The Jan. 31 ruling by Judge Roger Vinson in the Northern District of Florida, based in Pensacola, "is a plain case of judicial overreaching," Cutter said. "The judge’s decision contradicts decades of Supreme Court precedent that support the considered judgment of the democratically elected branches of government that the act’s “individual responsibility” provision is necessary to prevent billions of dollars of cost-shifting every year by individuals without insurance who cannot pay for the healthcare they obtain."

Vinson declared that the law is null and void, though the only provision he found unconstitutional was the "individual responsibility" provision.

Cutter said the decision is at odds with decades of established Supreme Court law which has found that courts have a constitutional obligation to preserve as a much of a statute as can be preserved. As a result, she said, Vinson's decision puts all of the new benefits, cost savings and patient protections that were included in the law at risk.

Rep. Michael Burgess, MD, (R-Tex.) said the ruling sends a clear message that more than half of the states know that the healthcare law is not good for America.

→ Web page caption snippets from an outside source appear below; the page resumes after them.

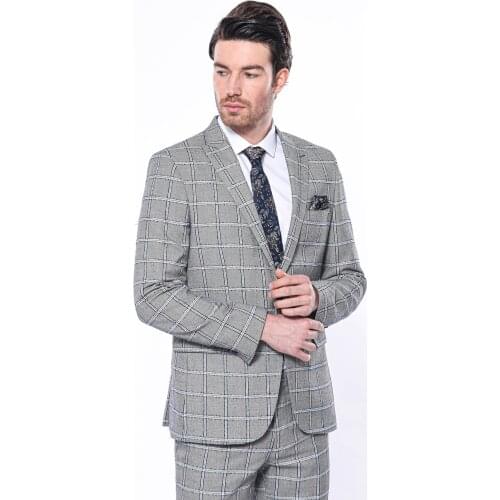 Checked Grey Slim-Fit Blazer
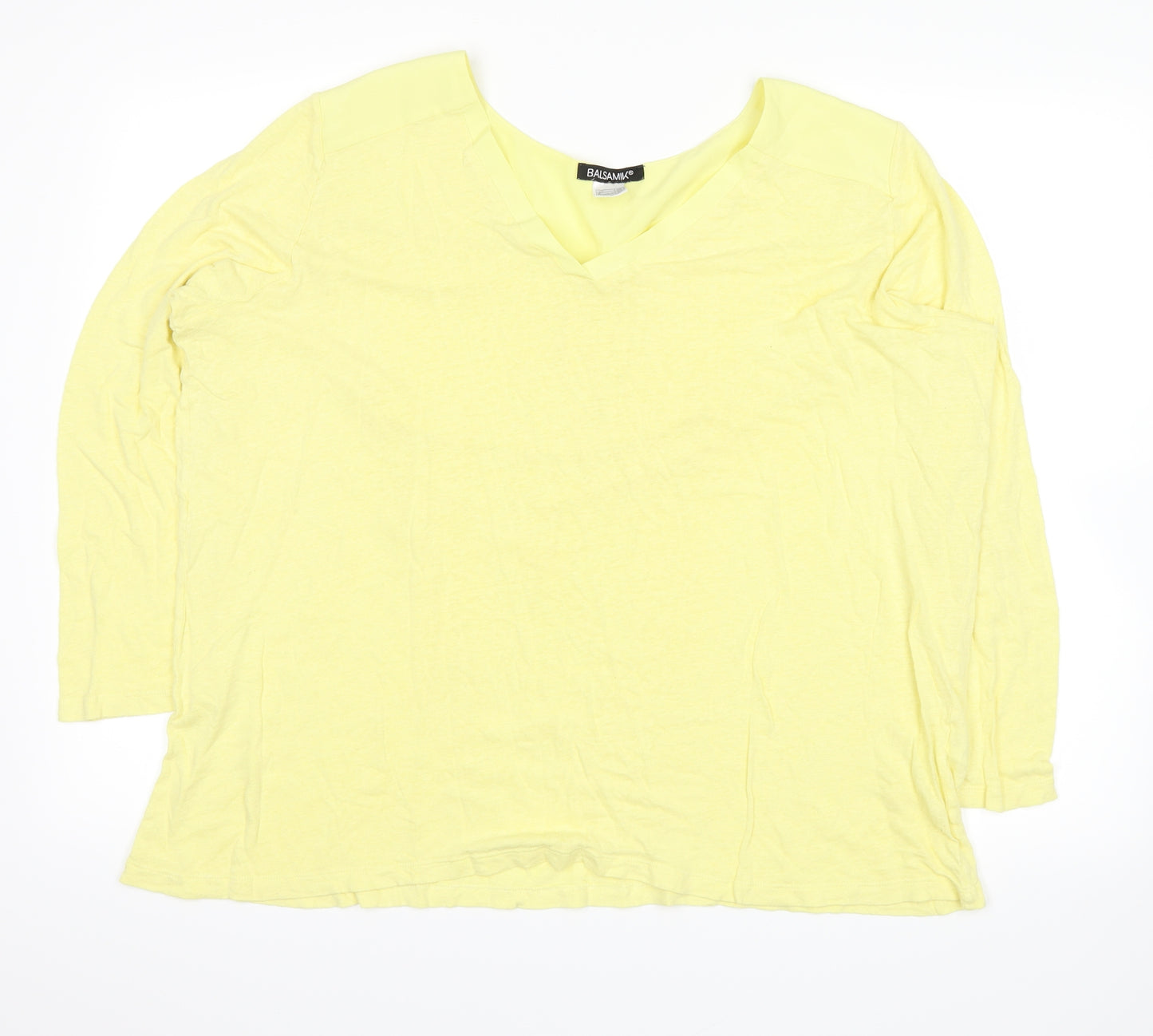 Balsamik Womens Yellow   Basic Blouse Size 22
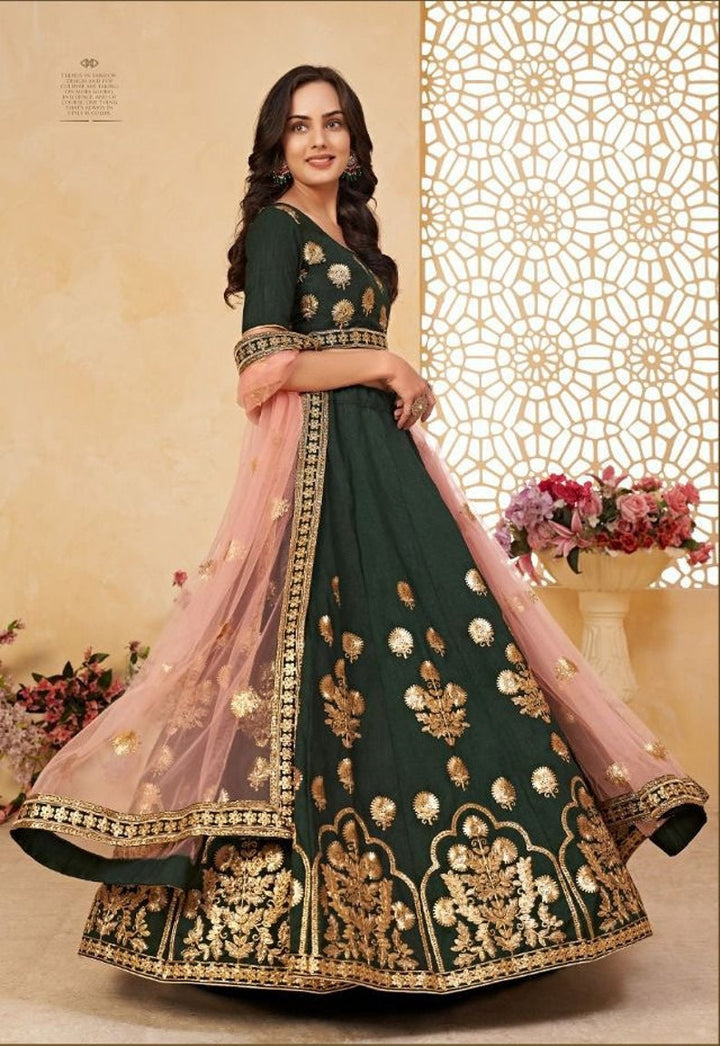 Designer Green lehenga Choli with Zari and Sequence Embroidery Work for woman party wear lehenga choli with dupatta  - INSPIRED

"The fight for true reform is far from over," he said. "We must continue to work to repeal the legislation that was signed into law and replace it with reform that will create a healthcare system that is focused on patients instead of payments, quality instead of quantity, affordability instead of cheapness and innovation instead of stagnation."

[Why does one Virginia judge think the mandate is unconstitutional?]

Last week, Senate Majority Leader Harry Reid (D-Nev.) and House Democratic Leader Nancy Pelosi (D-Calif.), along with 21 other Democratic leaders, filed a legal brief in a Michigan court defending the constitutionality of the right of Congress to require every American to buy health insurance. This particular case is significant because it is the first out of 26 such cases to reach the appelate court system.

Columbia Law School Professor Gillian Metzger said Judge Vinson’s decision declaring the entire Affordable Care Act unconstitutional represents "a remarkable assertion of judicial power fundamentally at odds with Supreme Court precedent."

"The combination of Judge Vinson’s substantive and remedial rulings is a decision that displays marked hostility to effective congressional regulation," Metzger said.
 
Christopher Jennings, president of Jennings Policy Strategies and former senior healthcare advisor to President William Clinton, called the lawsuits "a real threat" – but not in the long haul.

"If you take away the mandate, you take away aspects of ACA that people care about, including health insurance reforms," he said. If that happens, he said, the broad host of stakeholders supporting the law will push back in its defense.

For every month that goes by the ACA becomes "part of the fabric" of the U.S. healthcare system, making it harder to repeal, Jennings said.